S5: carrying out outdoor test feature separation for MR data and calculate, calculate the test feature confidence level of MR data to be detected, Test feature confidence level c input neural network classifier is judged that then separation terminates, jump procedure S6, if not can be carried out Separation, it is impossible to which the MR data of differentiation discard;
S6: current MR separating resulting, the i.e. result that output MR belongs to indoor or outdoors are exported;
The threshold value A value is 432, and the value of the threshold value thre1 is 1.2, the threshold value thre2 Value be 0.8.

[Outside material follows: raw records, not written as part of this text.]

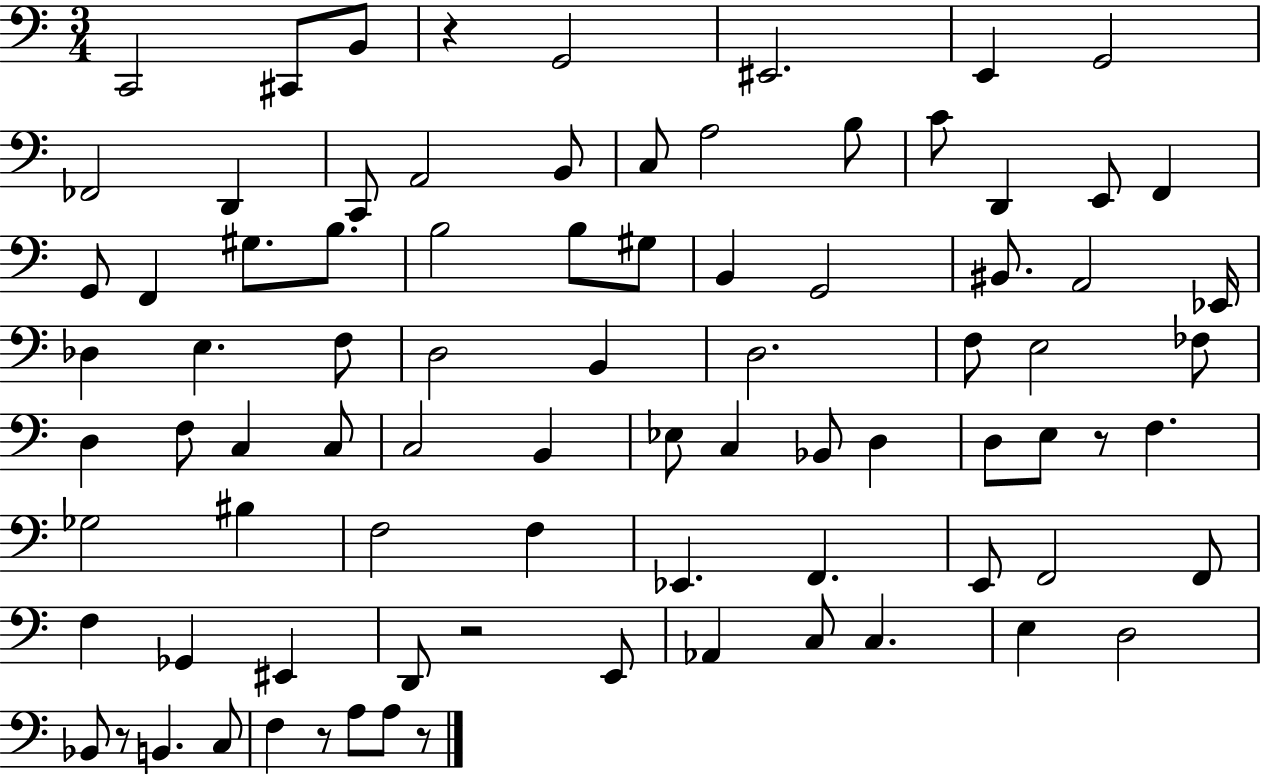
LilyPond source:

{
  \clef bass
  \numericTimeSignature
  \time 3/4
  \key c \major
  c,2 cis,8 b,8 | r4 g,2 | eis,2. | e,4 g,2 | \break fes,2 d,4 | c,8 a,2 b,8 | c8 a2 b8 | c'8 d,4 e,8 f,4 | \break g,8 f,4 gis8. b8. | b2 b8 gis8 | b,4 g,2 | bis,8. a,2 ees,16 | \break des4 e4. f8 | d2 b,4 | d2. | f8 e2 fes8 | \break d4 f8 c4 c8 | c2 b,4 | ees8 c4 bes,8 d4 | d8 e8 r8 f4. | \break ges2 bis4 | f2 f4 | ees,4. f,4. | e,8 f,2 f,8 | \break f4 ges,4 eis,4 | d,8 r2 e,8 | aes,4 c8 c4. | e4 d2 | \break bes,8 r8 b,4. c8 | f4 r8 a8 a8 r8 | \bar "|."
}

As shown in Fig. 2, it includes following sub-step that the room divided data separation in the step S3, which calculates:
S31: collected MR data are segmented by the session of IMSI;
S32: obtain main serving cell Cell1 according to current MR data and detect each adjacent area Cell2, Cell3……CellN};
S33: set { Cell1, Cell2 ... CellN } is matched with room divided data library, if CellN is room branch website, Then it is put into set { Celli1, Celli2 ... CelliN };
S34: longitude and latitude track { { lon1, lat1 }, { lon2, the lat2 } ... of single user are obtained according to step S31 { lonn, latn } };Obtain each room branch website in room divided data library longitude and latitude { hlon1, hlat1 }, hlon2, Hlat2 } ... { hlon, hlatm } };
S35: according to step S34, obtaining the distance set { d1, d2 ... ... dn } of user trajectory Yu nearest room branch website, Then average distance avgdist=(d1+d2+ ... dn)/n of user and room branch website are calculated;
S36: if average distance avgdist less than a thresholding A, and set { Celli1, the Celli2 ... of step S33 CelliN } it is not empty set, then the MR that active user's session generates is located at interior, otherwise enters step S4 and further judges.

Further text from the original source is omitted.